**TASK OBJECTIVE**
An exact copy of all the data below is required.

**Stored items from a collection**
☆ ☆ ☆

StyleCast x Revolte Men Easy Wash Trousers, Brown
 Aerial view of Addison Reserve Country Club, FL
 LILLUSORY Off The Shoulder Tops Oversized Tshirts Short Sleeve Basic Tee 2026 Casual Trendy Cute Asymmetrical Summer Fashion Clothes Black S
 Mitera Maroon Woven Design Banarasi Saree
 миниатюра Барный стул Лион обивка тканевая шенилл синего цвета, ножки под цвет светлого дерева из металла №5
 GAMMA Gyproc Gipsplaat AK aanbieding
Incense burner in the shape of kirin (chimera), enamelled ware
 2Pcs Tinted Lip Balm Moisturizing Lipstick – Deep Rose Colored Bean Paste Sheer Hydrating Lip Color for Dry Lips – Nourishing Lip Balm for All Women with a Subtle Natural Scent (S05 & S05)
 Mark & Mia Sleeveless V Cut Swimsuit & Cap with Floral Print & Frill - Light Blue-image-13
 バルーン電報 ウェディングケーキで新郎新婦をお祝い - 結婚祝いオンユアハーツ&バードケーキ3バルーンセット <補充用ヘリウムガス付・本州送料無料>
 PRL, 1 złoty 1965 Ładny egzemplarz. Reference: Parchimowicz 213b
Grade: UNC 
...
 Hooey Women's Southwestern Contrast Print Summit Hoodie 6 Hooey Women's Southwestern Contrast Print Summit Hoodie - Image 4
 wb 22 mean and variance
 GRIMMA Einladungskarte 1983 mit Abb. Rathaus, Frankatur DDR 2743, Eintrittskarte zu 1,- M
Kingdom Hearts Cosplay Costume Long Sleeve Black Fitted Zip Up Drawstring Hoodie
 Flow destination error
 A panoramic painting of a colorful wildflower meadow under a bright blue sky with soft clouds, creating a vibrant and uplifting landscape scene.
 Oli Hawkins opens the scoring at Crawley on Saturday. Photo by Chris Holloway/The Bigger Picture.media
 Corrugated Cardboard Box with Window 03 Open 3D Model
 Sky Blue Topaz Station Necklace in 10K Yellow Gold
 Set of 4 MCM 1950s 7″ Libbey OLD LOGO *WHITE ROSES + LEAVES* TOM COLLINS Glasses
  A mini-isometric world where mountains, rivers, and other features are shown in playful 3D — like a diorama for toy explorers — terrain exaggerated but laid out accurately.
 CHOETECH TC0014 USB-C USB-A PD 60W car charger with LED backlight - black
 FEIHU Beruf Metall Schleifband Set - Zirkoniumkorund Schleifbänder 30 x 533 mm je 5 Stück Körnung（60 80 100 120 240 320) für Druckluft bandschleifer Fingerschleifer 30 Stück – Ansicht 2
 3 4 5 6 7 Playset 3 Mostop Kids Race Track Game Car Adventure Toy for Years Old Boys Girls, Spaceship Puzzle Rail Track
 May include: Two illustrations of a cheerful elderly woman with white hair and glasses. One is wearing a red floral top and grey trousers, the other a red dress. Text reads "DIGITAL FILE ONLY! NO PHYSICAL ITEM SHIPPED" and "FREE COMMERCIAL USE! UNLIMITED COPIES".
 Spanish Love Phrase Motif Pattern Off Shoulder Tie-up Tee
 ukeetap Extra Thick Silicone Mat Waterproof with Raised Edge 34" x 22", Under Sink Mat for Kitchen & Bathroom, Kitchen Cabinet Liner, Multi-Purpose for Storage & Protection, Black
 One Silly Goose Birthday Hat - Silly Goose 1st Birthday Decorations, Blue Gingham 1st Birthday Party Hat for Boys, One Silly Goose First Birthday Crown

☆ ☆ ☆

**YOUR RESPONSE**
StyleCast x Revolte Men Easy Wash Trousers, Brown
 Aerial view of Addison Reserve Country Club, FL
 LILLUSORY Off The Shoulder Tops Oversized Tshirts Short Sleeve Basic Tee 2026 Casual Trendy Cute Asymmetrical Summer Fashion Clothes Black S
 Mitera Maroon Woven Design Banarasi Saree
 миниатюра Барный стул Лион обивка тканевая шенилл синего цвета, ножки под цвет светлого дерева из металла №5
 GAMMA Gyproc Gipsplaat AK aanbieding
Incense burner in the shape of kirin (chimera), enamelled ware
 2Pcs Tinted Lip Balm Moisturizing Lipstick – Deep Rose Colored Bean Paste Sheer Hydrating Lip Color for Dry Lips – Nourishing Lip Balm for All Women with a Subtle Natural Scent (S05 & S05)
 Mark & Mia Sleeveless V Cut Swimsuit & Cap with Floral Print & Frill - Light Blue-image-13
 バルーン電報 ウェディングケーキで新郎新婦をお祝い - 結婚祝いオンユアハーツ&バードケーキ3バルーンセット <補充用ヘリウムガス付・本州送料無料>
 PRL, 1 złoty 1965 Ładny egzemplarz. Reference: Parchimowicz 213b
Grade: UNC 
...
 Hooey Women's Southwestern Contrast Print Summit Hoodie 6 Hooey Women's Southwestern Contrast Print Summit Hoodie - Image 4
 wb 22 mean and variance
 GRIMMA Einladungskarte 1983 mit Abb. Rathaus, Frankatur DDR 2743, Eintrittskarte zu 1,- M
Kingdom Hearts Cosplay Costume Long Sleeve Black Fitted Zip Up Drawstring Hoodie
 Flow destination error
 A panoramic painting of a colorful wildflower meadow under a bright blue sky with soft clouds, creating a vibrant and uplifting landscape scene.
 Oli Hawkins opens the scoring at Crawley on Saturday. Photo by Chris Holloway/The Bigger Picture.media
 Corrugated Cardboard Box with Window 03 Open 3D Model
 Sky Blue Topaz Station Necklace in 10K Yellow Gold
 Set of 4 MCM 1950s 7″ Libbey OLD LOGO *WHITE ROSES + LEAVES* TOM COLLINS Glasses
  A mini-isometric world where mountains, rivers, and other features are shown in playful 3D — like a diorama for toy explorers — terrain exaggerated but laid out accurately.
 CHOETECH TC0014 USB-C USB-A PD 60W car charger with LED backlight - black
 FEIHU Beruf Metall Schleifband Set - Zirkoniumkorund Schleifbänder 30 x 533 mm je 5 Stück Körnung（60 80 100 120 240 320) für Druckluft bandschleifer Fingerschleifer 30 Stück – Ansicht 2
 3 4 5 6 7 Playset 3 Mostop Kids Race Track Game Car Adventure Toy for Years Old Boys Girls, Spaceship Puzzle Rail Track
 May include: Two illustrations of a cheerful elderly woman with white hair and glasses. One is wearing a red floral top and grey trousers, the other a red dress. Text reads "DIGITAL FILE ONLY! NO PHYSICAL ITEM SHIPPED" and "FREE COMMERCIAL USE! UNLIMITED COPIES".
 Spanish Love Phrase Motif Pattern Off Shoulder Tie-up Tee
 ukeetap Extra Thick Silicone Mat Waterproof with Raised Edge 34" x 22", Under Sink Mat for Kitchen & Bathroom, Kitchen Cabinet Liner, Multi-Purpose for Storage & Protection, Black
 One Silly Goose Birthday Hat - Silly Goose 1st Birthday Decorations, Blue Gingham 1st Birthday Party Hat for Boys, One Silly Goose First Birthday Crown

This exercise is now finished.